3. | Comment: Please state which party has authority to administer and/or change the index methodology. |
Response: The Trust confirms that only the Minority Funds Index Provider has authority to administer and/or change an Underlying Indexs methodology.
4. | Comment: Please explain supplementally whether the calculation of the Gender Diversity Score or the Minority Empowerment Composite Score for the Womens Fund or Minority Fund, respectively, involves discretion. If so, please describe the nature of such discretion and the party exercising such discretion. |
Response: The Minority Funds Minority Empowerment Score is determined by Sustainalytics, the Minority Funds ESG research provider, and is based upon its assessment of various indicators and does not involve discretion. A company may be excluded from the Underlying Index if Sustainalytics, in its discretion, determines that the company is experiencing a High or Severe level of Controversy in one of three areas: Employee Incidents, Social Supply Chain Incidents, or Society and Community Incidents. In addition, Morningstar may, in its discretion, exclude a company from the Underlying Index between reconstitutions upon consultation with Sustainalytics should Morningstar determine that such company has acted in a manner inconsistent with the selection criteria of the Underlying Index.
5. | Comment: Please state the number of persons that license the Underlying Indexes. |
Response: The Adviser is the only licensee of the Underlying Index for the Minority Fund.

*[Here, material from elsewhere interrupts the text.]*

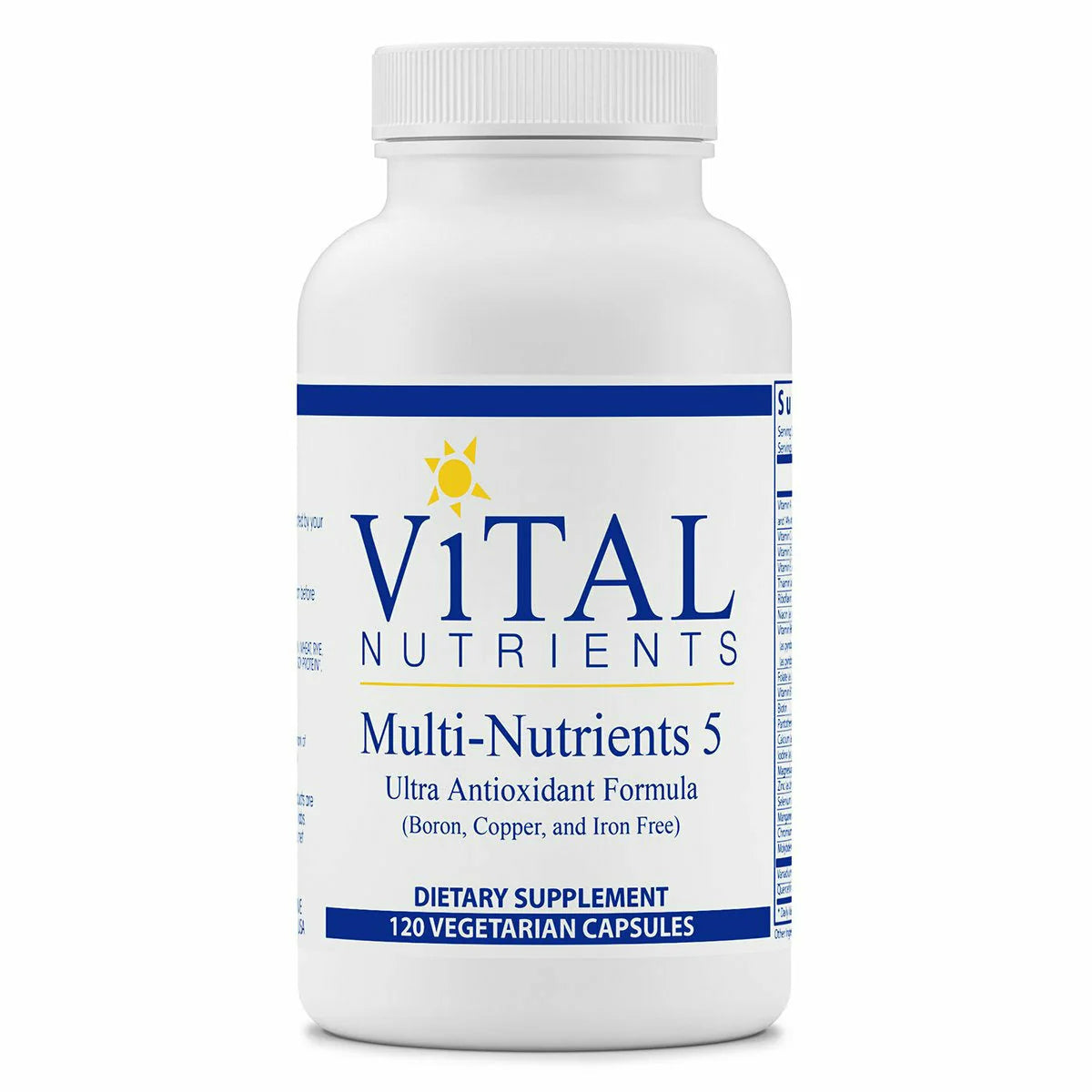 Multi-Nutrients 5 120 caps N34119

6. | Comment: Please confirm whether the Funds have any liability to the Adviser with respect to their organization and offering costs. Additionally, please disclose, if applicable, that each Fund will bear its own organizational and offering costs. |
Response: Although organization and offering expenses are specifically excluded from the unitary fee, the Adviser has agreed to assume such costs for the Minority Fund. The Minority Fund does not have an obligation to reimburse the Adviser for organization and offering costs paid on its behalf. The Trust has added the requested disclosure.
7. | Comment: In the Fees and Expenses table, please confirm that each Funds management fee is presented as a percentage of the Funds average net assets. |
Response: The Trust confirms that each Funds management fee is presented as a percentage of the Funds average net assets in the Fees and Expenses table.
8. | Comment: Please revise the first sentence of footnote 2 to the Fees and Expenses table to clarify the definition of Average Daily Managed Assets. Please also move the last two sentences of footnote 2 elsewhere in the prospectus. |
Response: The Trust has revised the referenced disclosure to read as follows:
Impact Shares is paid a Management Fee at an annual rate of 0.75% on the Average Daily Managed Assets of the Fund. Average Daily Managed Assets is the average daily value of the total assets of the Fund, less all accrued liabilities of the Fund (other than the amount of any outstanding borrowings constituting financial leverage).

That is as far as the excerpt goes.